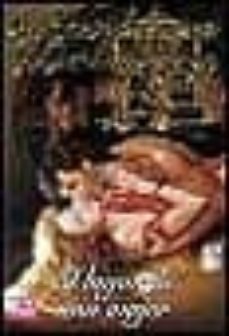 el lugar de una mujer-barbara delinsky-9788484507253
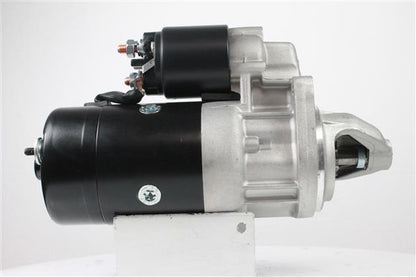 Belstarter IR8364P | 17 | 015_IR8364P.jpg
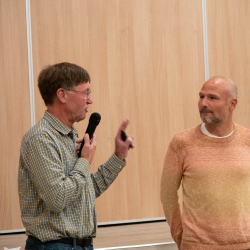 040-20251004-DSC_9375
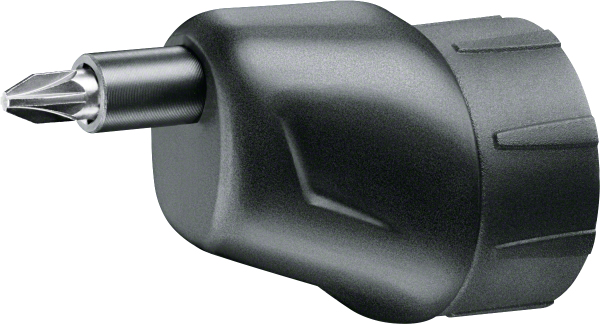 Bosch Tournevis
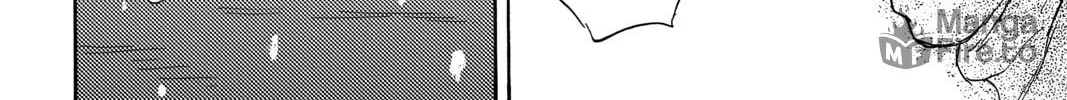 Read Mushishi chapter 29 image 69 on Lezhin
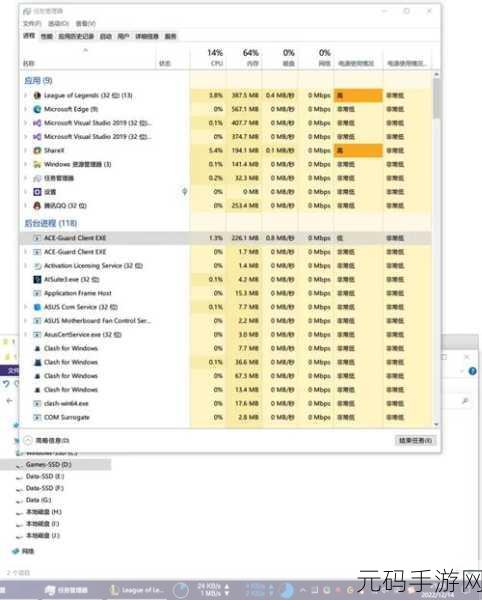 深入探究,HBase Archive 的诸多限制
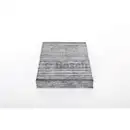 BOSCH 1 987 435 562 Filter, Innenraumluft R5562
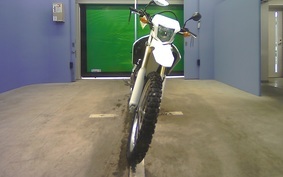 HONDA CRF250L MD38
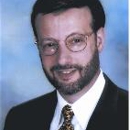 Dr. I David Shuter, MD - Physicians & Surgeons
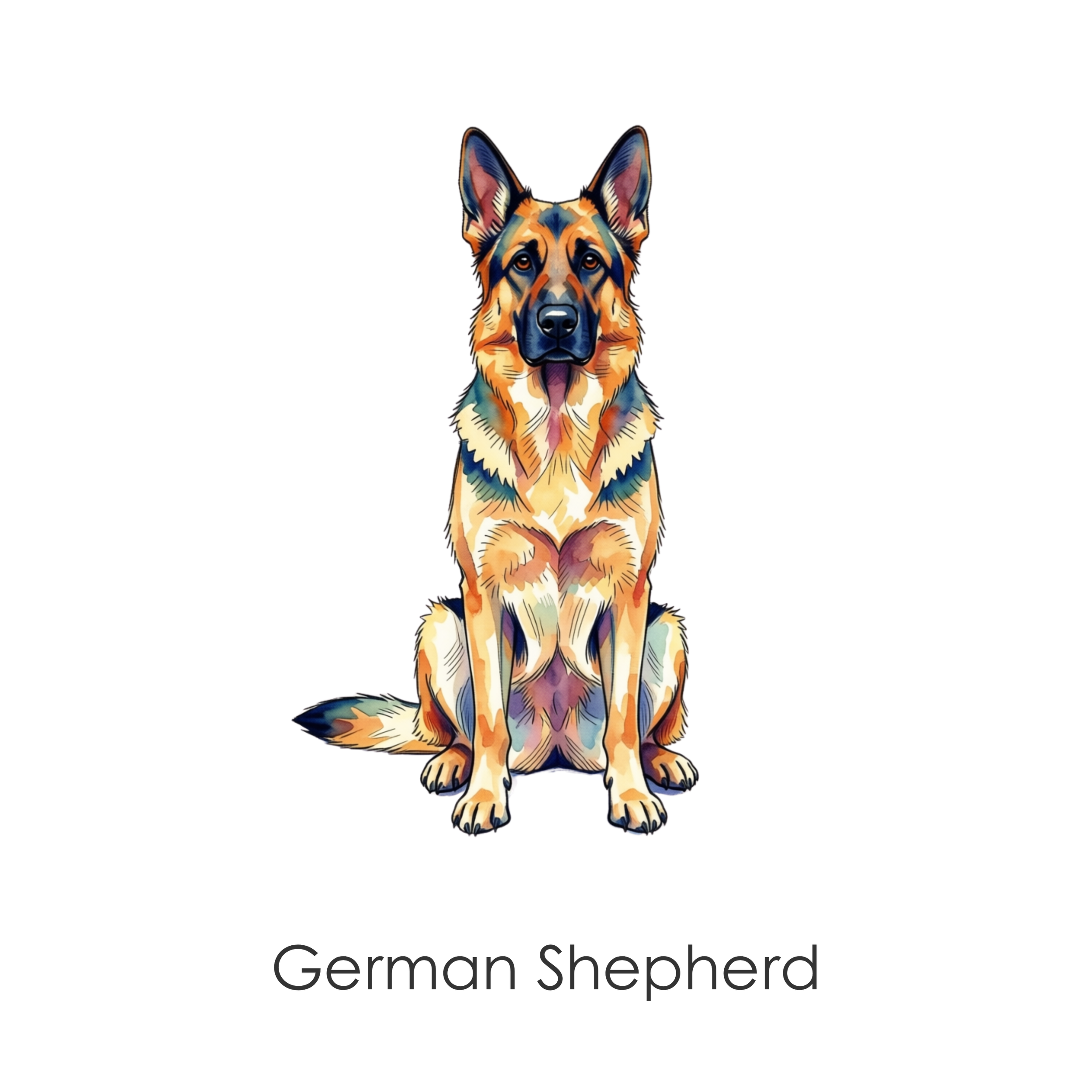 German Shepherd.png
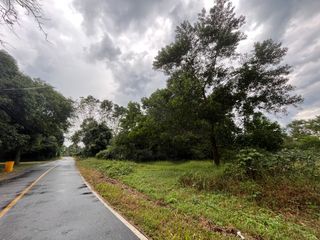For sale land in Thai Mueang, Phang Nga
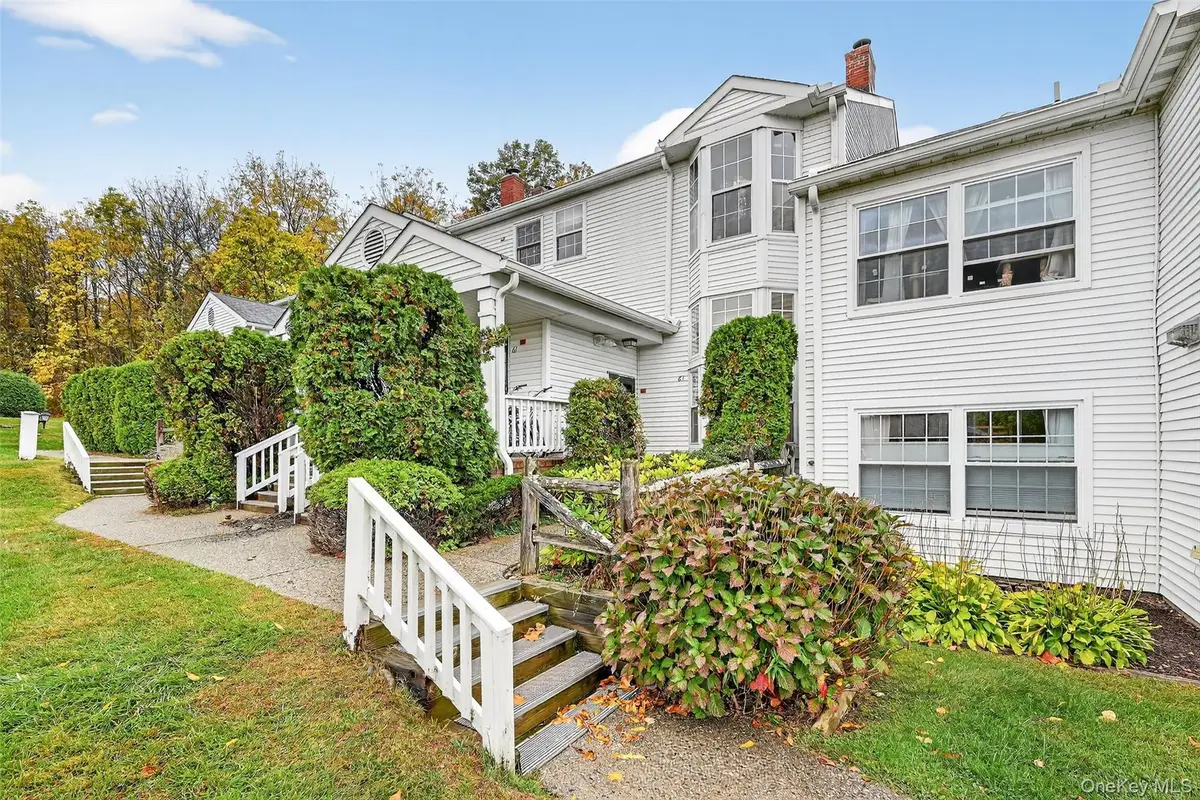 63 The Knolls, Warwick, NY 10990 - Image #1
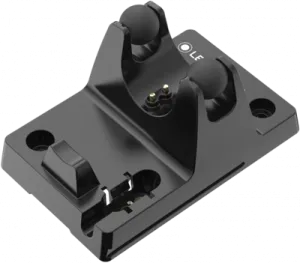 502260 LEDLENSER Accessories for lamps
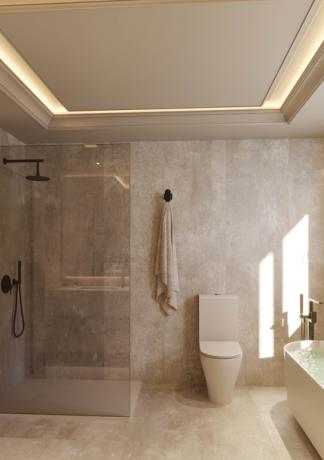 The Palms at Estepona 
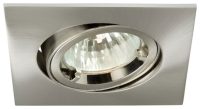 Radiant CC39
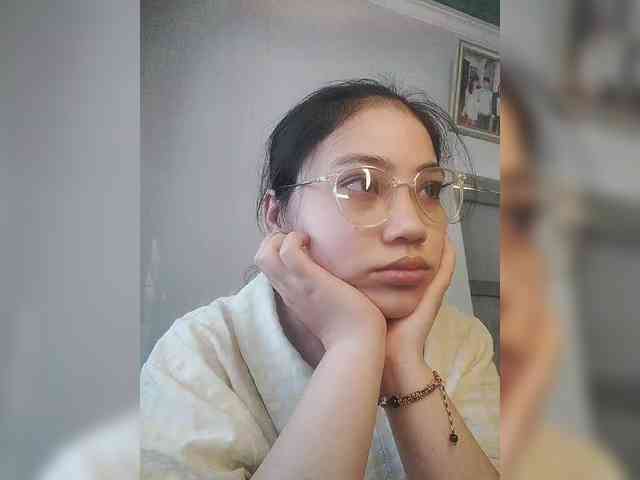 Jang244 webcam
***
Task to carry out
Pictures in the records above are not copied; print everything else exactly.

Problem solution
 el lugar de una mujer-barbara delinsky-9788484507253
 Belstarter IR8364P | 17 | 015_IR8364P.jpg
 040-20251004-DSC_9375
 Bosch Tournevis
 Read Mushishi chapter 29 image 69 on Lezhin
 深入探究,HBase Archive 的诸多限制
 BOSCH 1 987 435 562 Filter, Innenraumluft R5562
 HONDA CRF250L MD38
 Dr. I David Shuter, MD - Physicians & Surgeons
 German Shepherd.png
For sale land in Thai Mueang, Phang Nga
 63 The Knolls, Warwick, NY 10990 - Image #1
 502260 LEDLENSER Accessories for lamps
 The Palms at Estepona 
 Radiant CC39
 Jang244 webcam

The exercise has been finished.